La expresión «teología latinoamericana» señala una reflexión de la fe hecha desde el horizonte hermenéutico de la Iglesia inculturada en nuestro particular mundo histórico-cultural (AG 22b; EN 63b; LC 70). El desde dónde de esta teología indica muchos horizontes y situaciones. Destaco, en particular, la situación histórica de cada pueblo y la interpelación de Dios en el mundo de los pobres; la modalidad cultural de vivir la fe y de expresarla en la sabiduría, religiosidad, espiritualidad y mística popular; la tradición del pueblo de Dios vivida en los estilos de vida de los pueblos.

En 1996, en una reunión realizada en Vallendar, Alemania, por el Consejo Episcopal Latinoamericano y la Congregación para la Doctrina de la Fe, presidida por el cardenal J. Ratzinger, las autoridades de ambas instituciones y los participantes elaboramos un documento en el que consensuamos varias proposiciones, entre las cuales se halla esta: «Se debe proseguir en el camino de la inculturación de la reflexión teológica para que sea plenamente católica y latinoamericana»22. La teología se nutre en la sabiduría teologal del pueblo de Dios y piensa la ratio fidei respetando tanto la universalidad de la fe y de la razón, que descubren la verdad en la historia, como la tradición eclesial particular y el arraigo sociocultural situado, donde se desarrollan, diversamente, la filosofía y la teología como saberes sapienciales, universales, concretos e inculturados.

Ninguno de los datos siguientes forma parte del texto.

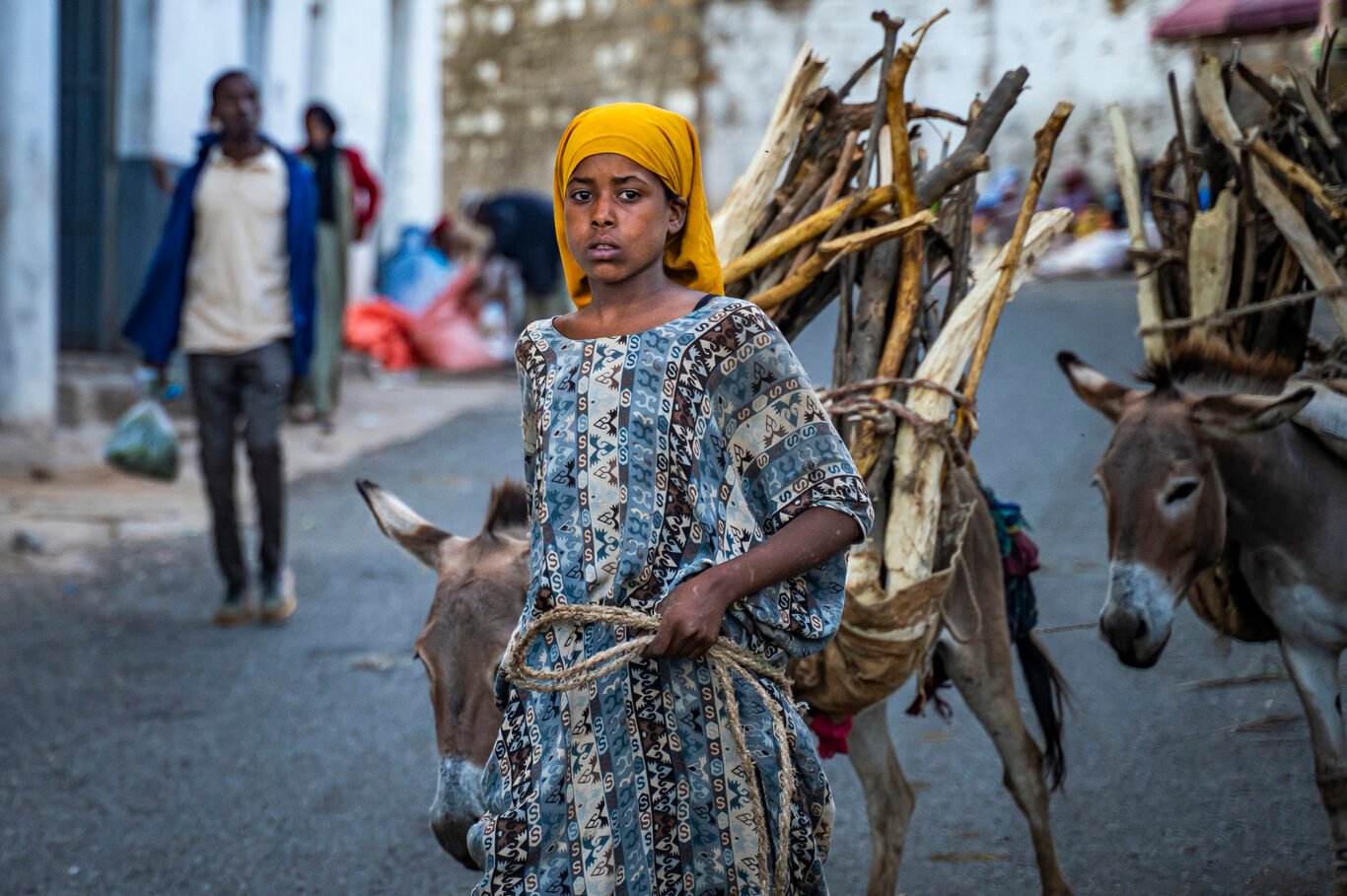 A young woman walks into the Harar city early, carrying bundles of wood to sell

En ese marco cabe preguntarse por «el gran ámbito socio-cultural» íbero-americano. Nos ayuda a pensar algo que decía Hans G. Gadamer mirando Europa: «Lo otro del vecino no es una alteridad que solo debe evitarse, sino una alteridad contributiva que invita al propio reencuentro. Todos somos otros y todos somos nosotros mismos (Wir sind alle Andere, und wir sind alle wir selbst)»23. Toda identidad se constituye en el intercambio con otras alteridades. ¿Podemos pensar en un nosotros íbero-americano plural en el que todos seamos otros y nosotros a partir del don de la fe cristiana, el êthos del amor fraterno, un humanismo relacional, una comunidad intercultural, los vínculos migratorios, y, también, una teología y una filosofía pensada y dicha en lenguas ibéricas?